Your task:
Find the lines below holding the word "with" and copy each of them.

Listed entries:

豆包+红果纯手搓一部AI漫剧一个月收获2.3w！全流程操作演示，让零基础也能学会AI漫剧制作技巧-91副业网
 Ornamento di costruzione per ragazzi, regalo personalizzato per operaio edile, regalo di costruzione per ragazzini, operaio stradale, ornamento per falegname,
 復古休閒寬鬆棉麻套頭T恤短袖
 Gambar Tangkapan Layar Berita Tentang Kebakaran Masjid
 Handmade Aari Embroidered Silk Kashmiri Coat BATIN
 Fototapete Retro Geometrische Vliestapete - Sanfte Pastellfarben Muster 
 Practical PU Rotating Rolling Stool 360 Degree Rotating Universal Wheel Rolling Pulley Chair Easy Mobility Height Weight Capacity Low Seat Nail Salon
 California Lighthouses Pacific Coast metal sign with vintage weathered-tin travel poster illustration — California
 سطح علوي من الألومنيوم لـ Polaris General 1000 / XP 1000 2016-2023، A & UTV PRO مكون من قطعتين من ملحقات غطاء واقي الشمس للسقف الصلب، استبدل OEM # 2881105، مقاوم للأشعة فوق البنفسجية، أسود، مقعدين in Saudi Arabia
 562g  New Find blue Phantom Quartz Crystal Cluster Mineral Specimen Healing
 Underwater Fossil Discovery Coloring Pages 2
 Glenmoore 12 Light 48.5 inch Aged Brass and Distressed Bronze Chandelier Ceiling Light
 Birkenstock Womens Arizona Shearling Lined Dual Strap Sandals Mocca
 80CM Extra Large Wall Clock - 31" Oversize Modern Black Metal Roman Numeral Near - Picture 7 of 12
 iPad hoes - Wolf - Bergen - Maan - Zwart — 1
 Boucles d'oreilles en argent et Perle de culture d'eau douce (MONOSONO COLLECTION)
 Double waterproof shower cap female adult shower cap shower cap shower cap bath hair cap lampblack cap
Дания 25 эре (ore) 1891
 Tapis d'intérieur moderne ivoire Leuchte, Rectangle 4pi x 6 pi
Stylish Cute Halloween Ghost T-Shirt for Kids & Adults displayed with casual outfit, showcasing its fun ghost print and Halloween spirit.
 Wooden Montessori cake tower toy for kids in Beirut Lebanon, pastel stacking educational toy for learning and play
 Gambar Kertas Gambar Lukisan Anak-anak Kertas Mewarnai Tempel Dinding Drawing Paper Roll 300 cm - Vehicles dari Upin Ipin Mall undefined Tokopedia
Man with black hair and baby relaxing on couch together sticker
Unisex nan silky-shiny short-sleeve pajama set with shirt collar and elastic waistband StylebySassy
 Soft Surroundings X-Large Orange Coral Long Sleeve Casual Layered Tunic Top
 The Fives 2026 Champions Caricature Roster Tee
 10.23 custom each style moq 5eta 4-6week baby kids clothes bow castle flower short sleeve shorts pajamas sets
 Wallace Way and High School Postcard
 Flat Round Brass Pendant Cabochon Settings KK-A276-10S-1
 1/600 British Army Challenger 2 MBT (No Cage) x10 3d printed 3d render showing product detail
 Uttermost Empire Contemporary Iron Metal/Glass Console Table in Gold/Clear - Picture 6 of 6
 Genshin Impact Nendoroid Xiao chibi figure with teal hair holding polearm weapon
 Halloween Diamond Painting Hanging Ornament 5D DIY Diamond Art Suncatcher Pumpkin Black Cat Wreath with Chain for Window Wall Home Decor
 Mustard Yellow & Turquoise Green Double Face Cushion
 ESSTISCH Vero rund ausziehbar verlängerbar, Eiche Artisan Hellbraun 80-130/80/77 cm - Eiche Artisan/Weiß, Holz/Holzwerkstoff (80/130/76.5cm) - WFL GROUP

Problem solution:
 California Lighthouses Pacific Coast metal sign with vintage weathered-tin travel poster illustration — California
Stylish Cute Halloween Ghost T-Shirt for Kids & Adults displayed with casual outfit, showcasing its fun ghost print and Halloween spirit.
Man with black hair and baby relaxing on couch together sticker
Unisex nan silky-shiny short-sleeve pajama set with shirt collar and elastic waistband StylebySassy
 Genshin Impact Nendoroid Xiao chibi figure with teal hair holding polearm weapon
 Halloween Diamond Painting Hanging Ornament 5D DIY Diamond Art Suncatcher Pumpkin Black Cat Wreath with Chain for Window Wall Home Decor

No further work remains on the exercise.